Trollope, the CEO of Five9, whose business is selling software to enable contact centers to let employees work from home, thinks such jobs will stay at home rather than go back to office buildings. He noted a number of efficiencies, including the ability of at-home call operators to schedule their days more flexibly. They can choose to spend hours in the middle of the day handling household and parental responsibility, and take calls during the hours they choose.
Still, Trollope sees a reckoning. Some of the work world, especially employees focused on careers, will realize things have gone too far in the direction of isolation, he predicted.
"Most people are going to have swung so far to the work-from-home world, believing that it's going to solve all of these problems," said Trollope. "There's probably a handful of these other factors where the pendulum will swing back more towards at-work, or at-work, in-person, for certain kinds of jobs."

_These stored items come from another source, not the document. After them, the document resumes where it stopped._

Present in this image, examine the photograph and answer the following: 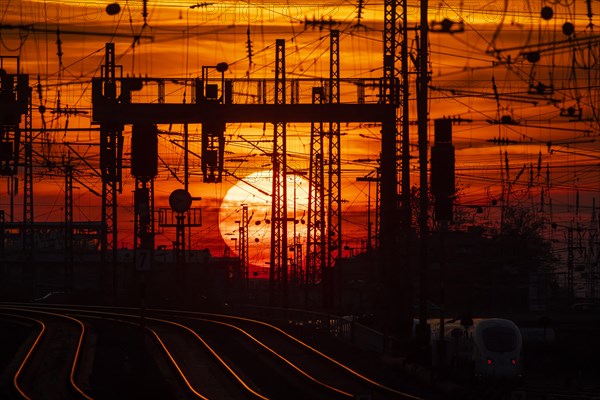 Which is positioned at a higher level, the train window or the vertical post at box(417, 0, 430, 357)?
the vertical post at box(417, 0, 430, 357)

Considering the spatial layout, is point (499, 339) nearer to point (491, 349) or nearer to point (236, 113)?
point (491, 349)

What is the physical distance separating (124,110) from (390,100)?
10573 millimetres

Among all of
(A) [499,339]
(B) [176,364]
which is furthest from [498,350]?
(B) [176,364]

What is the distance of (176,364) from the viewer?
35844mm

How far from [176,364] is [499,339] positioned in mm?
17447

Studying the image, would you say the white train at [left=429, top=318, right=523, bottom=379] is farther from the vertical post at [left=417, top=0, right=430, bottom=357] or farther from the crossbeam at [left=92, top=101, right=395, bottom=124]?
the vertical post at [left=417, top=0, right=430, bottom=357]

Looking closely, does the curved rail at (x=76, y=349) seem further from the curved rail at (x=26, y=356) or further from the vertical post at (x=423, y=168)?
the vertical post at (x=423, y=168)

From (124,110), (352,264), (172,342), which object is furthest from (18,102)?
(352,264)

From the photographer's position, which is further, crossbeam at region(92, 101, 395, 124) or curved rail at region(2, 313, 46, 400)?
crossbeam at region(92, 101, 395, 124)

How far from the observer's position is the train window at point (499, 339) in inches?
1884

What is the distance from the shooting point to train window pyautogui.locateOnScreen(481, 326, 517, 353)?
47.8m

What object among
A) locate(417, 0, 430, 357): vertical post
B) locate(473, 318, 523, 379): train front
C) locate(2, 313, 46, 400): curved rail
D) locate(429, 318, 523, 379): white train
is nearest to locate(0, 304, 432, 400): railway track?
locate(2, 313, 46, 400): curved rail

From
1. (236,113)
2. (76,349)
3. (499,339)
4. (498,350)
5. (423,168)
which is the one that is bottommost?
(498,350)

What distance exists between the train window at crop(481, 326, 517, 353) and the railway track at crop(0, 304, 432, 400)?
8.97 meters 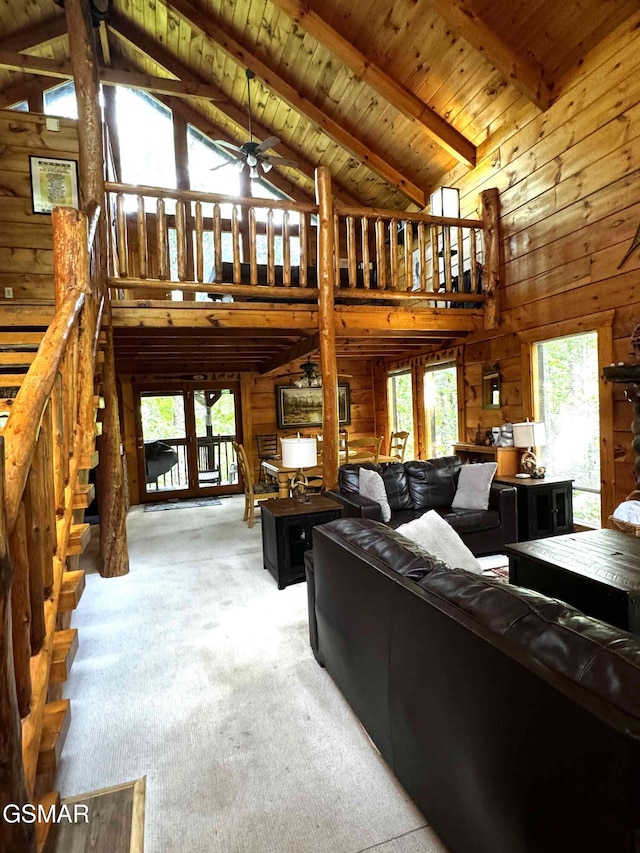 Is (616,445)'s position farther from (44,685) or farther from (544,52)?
(44,685)

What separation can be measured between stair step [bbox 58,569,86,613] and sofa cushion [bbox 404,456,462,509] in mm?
3000

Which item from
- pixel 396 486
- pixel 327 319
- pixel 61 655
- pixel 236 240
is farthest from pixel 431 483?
pixel 61 655

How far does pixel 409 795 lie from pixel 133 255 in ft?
25.4

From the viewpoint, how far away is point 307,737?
190 cm

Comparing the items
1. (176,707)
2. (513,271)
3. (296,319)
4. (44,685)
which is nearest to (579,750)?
(44,685)

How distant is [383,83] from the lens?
5062mm

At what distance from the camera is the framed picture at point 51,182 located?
4672 mm

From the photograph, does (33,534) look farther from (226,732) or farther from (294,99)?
(294,99)

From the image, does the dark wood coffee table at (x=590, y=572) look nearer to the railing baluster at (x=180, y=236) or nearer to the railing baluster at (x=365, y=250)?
the railing baluster at (x=365, y=250)

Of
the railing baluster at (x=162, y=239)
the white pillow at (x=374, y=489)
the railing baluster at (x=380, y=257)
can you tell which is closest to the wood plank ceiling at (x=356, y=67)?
the railing baluster at (x=380, y=257)

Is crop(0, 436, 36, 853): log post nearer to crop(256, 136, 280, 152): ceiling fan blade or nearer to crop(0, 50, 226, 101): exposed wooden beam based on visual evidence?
crop(256, 136, 280, 152): ceiling fan blade

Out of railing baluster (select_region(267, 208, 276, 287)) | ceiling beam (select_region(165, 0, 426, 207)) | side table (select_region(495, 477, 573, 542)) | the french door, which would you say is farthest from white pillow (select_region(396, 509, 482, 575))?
the french door

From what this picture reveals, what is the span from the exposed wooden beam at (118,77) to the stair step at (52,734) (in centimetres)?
752

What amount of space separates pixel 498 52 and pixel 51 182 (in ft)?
14.7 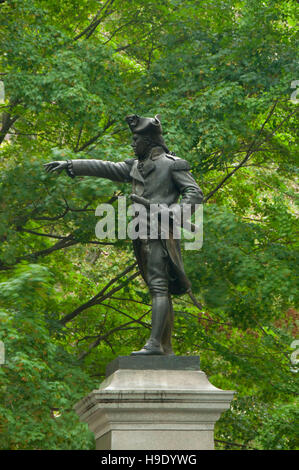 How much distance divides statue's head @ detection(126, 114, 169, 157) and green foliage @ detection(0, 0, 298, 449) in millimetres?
2656

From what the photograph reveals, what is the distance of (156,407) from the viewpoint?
638 centimetres

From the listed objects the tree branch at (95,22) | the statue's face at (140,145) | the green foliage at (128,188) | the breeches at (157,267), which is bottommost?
the breeches at (157,267)

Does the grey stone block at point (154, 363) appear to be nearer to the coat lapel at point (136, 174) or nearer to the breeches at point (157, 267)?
the breeches at point (157, 267)

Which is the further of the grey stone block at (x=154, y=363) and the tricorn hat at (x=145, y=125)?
the tricorn hat at (x=145, y=125)

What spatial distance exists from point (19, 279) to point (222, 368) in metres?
6.56

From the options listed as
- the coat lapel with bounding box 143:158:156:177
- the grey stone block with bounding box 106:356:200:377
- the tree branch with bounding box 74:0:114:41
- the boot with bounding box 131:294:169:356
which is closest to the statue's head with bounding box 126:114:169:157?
the coat lapel with bounding box 143:158:156:177

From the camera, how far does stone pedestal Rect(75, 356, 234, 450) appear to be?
636 centimetres

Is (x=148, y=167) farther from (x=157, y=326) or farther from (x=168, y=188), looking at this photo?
(x=157, y=326)

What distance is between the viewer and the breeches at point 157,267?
22.8 ft

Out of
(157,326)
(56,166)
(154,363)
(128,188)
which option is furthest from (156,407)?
(128,188)

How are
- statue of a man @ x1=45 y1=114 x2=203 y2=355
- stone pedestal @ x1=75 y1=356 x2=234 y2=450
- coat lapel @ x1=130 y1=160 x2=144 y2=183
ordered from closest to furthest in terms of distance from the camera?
stone pedestal @ x1=75 y1=356 x2=234 y2=450 < statue of a man @ x1=45 y1=114 x2=203 y2=355 < coat lapel @ x1=130 y1=160 x2=144 y2=183

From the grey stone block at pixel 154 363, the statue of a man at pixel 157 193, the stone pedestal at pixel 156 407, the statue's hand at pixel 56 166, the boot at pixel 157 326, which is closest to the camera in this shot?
the stone pedestal at pixel 156 407

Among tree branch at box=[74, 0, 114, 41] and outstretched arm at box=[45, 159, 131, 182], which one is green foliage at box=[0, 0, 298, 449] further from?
outstretched arm at box=[45, 159, 131, 182]

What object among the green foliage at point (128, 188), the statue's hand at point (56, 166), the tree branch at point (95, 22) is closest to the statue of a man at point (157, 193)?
the statue's hand at point (56, 166) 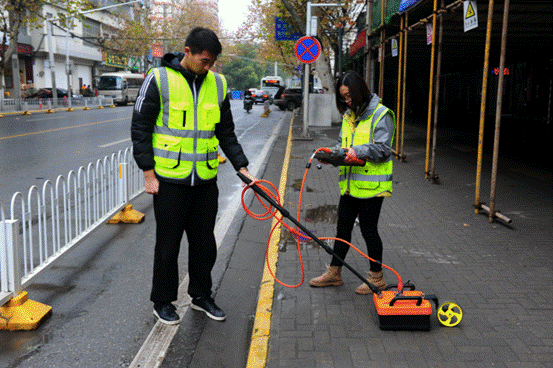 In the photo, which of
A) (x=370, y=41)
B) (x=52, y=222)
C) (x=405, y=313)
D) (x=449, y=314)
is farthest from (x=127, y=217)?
(x=370, y=41)

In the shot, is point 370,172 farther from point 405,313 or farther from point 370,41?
point 370,41

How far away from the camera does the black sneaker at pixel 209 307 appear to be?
155 inches

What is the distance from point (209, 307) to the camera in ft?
13.1

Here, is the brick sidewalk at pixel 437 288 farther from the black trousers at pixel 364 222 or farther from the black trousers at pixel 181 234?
the black trousers at pixel 181 234

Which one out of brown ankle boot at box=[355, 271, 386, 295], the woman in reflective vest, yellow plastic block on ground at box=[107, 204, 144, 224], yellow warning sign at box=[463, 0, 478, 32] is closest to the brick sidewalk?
brown ankle boot at box=[355, 271, 386, 295]

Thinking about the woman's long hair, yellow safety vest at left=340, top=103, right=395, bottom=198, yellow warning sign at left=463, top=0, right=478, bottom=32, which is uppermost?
yellow warning sign at left=463, top=0, right=478, bottom=32

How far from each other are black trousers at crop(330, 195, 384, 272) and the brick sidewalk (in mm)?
344

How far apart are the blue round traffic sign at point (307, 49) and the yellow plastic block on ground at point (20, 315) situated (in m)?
11.0

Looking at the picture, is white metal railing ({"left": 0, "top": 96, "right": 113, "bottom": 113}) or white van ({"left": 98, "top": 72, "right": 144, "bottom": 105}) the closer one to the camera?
white metal railing ({"left": 0, "top": 96, "right": 113, "bottom": 113})

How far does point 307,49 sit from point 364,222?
33.8 ft

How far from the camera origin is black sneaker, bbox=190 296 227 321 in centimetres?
394

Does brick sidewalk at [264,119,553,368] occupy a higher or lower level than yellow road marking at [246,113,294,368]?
higher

Being physically present with a few colleagues may at some point become an edge for ambitious workers, an asymmetry in career potential.
"All of a sudden, you've got the advantage, you walk out of the meeting, you're clapping the boss on the back, let's go to lunch next week."
"That's going to create an effect that ratchets back up the need to be in person, because people want to get ahead in their careers," he predicted.
"If Joe's in the office, Mary is going to want to be in the office, too."